Donald Trump’s children think he’s an incredible dad
CLEVELAND — After a tumultuous start to the Republican National Convention, and a day dominated by charges that Melania Trump’s speech Monday included plagiarized passages, Donald Trump’s adult children made their debut on the convention stage Tuesday night. Once again, the campaign attempted to present a softer, more human side of the brash New York billionaire turned GOP presidential nominee.
Up first was Tiffany Trump, Donald Trump’s youngest daughter, who has joined her father only rarely on the campaign trail and had never before publicly spoken on behalf of her dad. A recent graduate of the University of Pennsylvania, the 22-year-old is Trump’s only child with his second wife, actress Marla Maples, and spent most of her childhood in California — not in New York, where the rest of the Trump family lives.
Tiffany was clearly interested in refuting the widely held view that her relationship with her father is distant. She spoke of the childhood report cards she still keeps because of “sweet notes he wrote on each and every one of them” and how, when someone close to her died, the first call she received was from him.
“Donald Trump has never done anything halfway, least of all as a parent,” she declared, describing her father as a “natural-born encourager” who as taken “pride in all that I’ve done so far, no matter how big or small.”
While Melania Trump spoke of her husband’s kindness in her prime-time speech Monday night, Tiffany was the first to include personal anecdotes about the GOP candidate and his relationship with his family.
She told the audience that she often looks forward to introducing him to friends, “especially ones with preconceived notions, because they meet a man with natural charm and no facade,” Tiffany Trump said. “In person, my father is so friendly, so considerate, so funny and so real.”
The Trump campaign has begun relying on the candidate’s children as character witnesses for the real estate mogul, who is viewed negatively by an overwhelming majority of voters.
Donald Trump Jr., the candidate’s oldest son, who has emerged as a close adviser to his father during his presidential run, followed his sister to the stage, where he championed many of his father’s campaign’s proposals, including tougher immigration laws.
But the younger Trump also sought to humanize his father, casting him as an everyman who has never forgotten his roots as a kid growing up in the outer boroughs of New York City.

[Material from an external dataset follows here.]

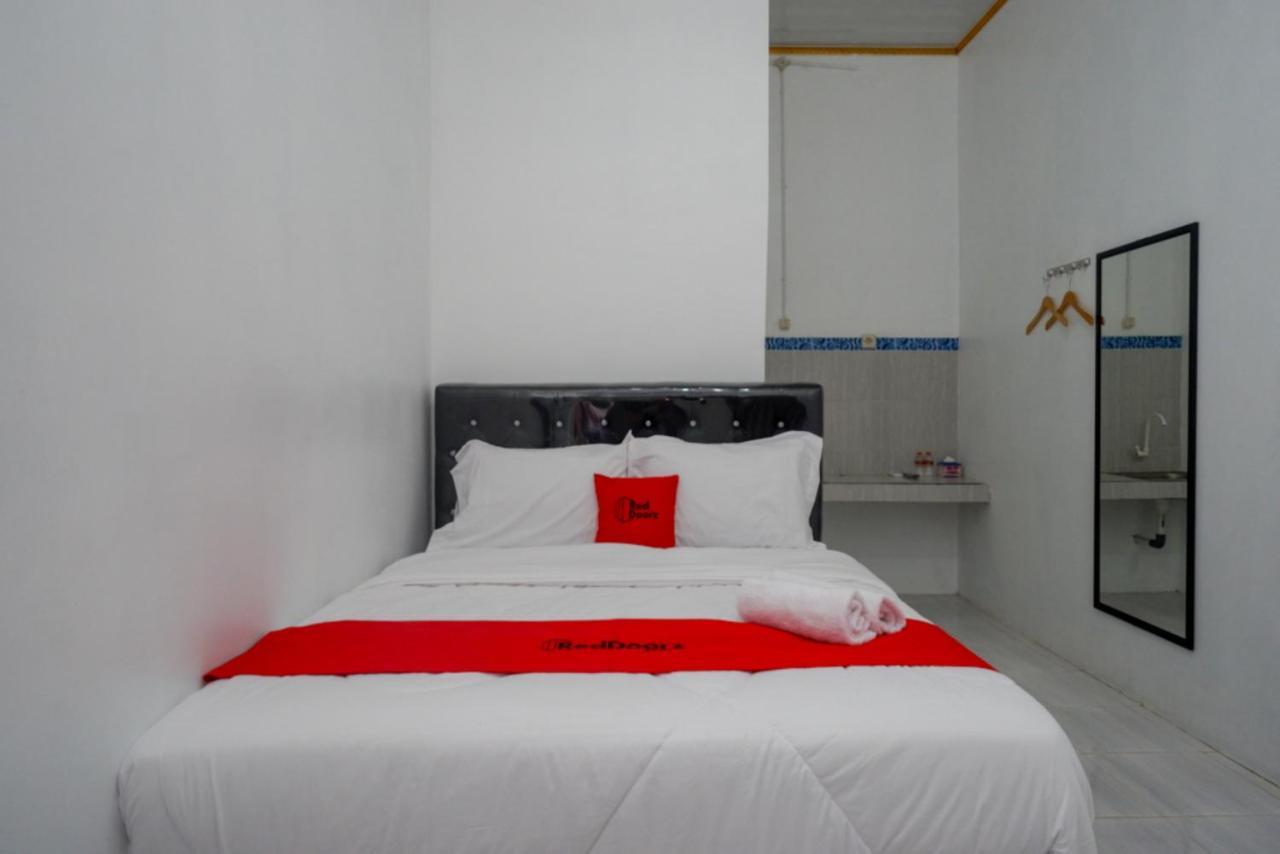 Reddoorz Near Universitas Semarang 2 Alastuwo 外观 照片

He spoke of how he dreamed big and took on Manhattan real estate developers and ultimately “changed the skyline of New York.”

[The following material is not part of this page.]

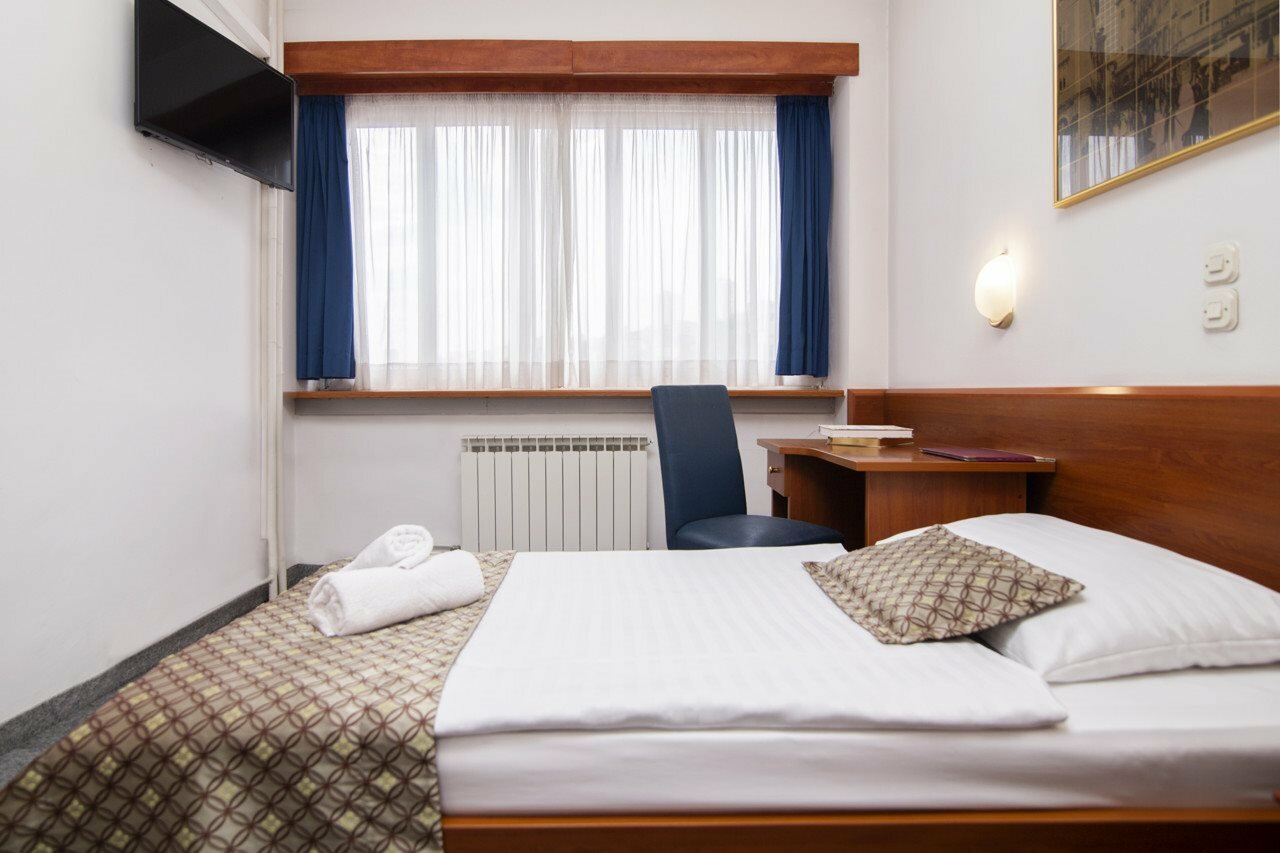 Фото Hotel Neboder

He also played up his father’s connection to working-class people, insisting that he was never one to hide behind a desk. “He spent his career with regular Americans. He hung out with the guys on construction sites… pouring concrete and hanging Sheetrock,” Trump Jr. said. “He listened to them and he valued their opinions as much and often more than the guys from Harvard and Wharton, locked away in offices, away from the real work.”
And he talked of how his father would take him and his siblings Eric and Ivanka to construction sites to give them a hands-on lesson in the family business from the time they were old enough to walk. He described his father as his “best friend” and “mentor.”
“I am the son of a great man,” Trump Jr. declared.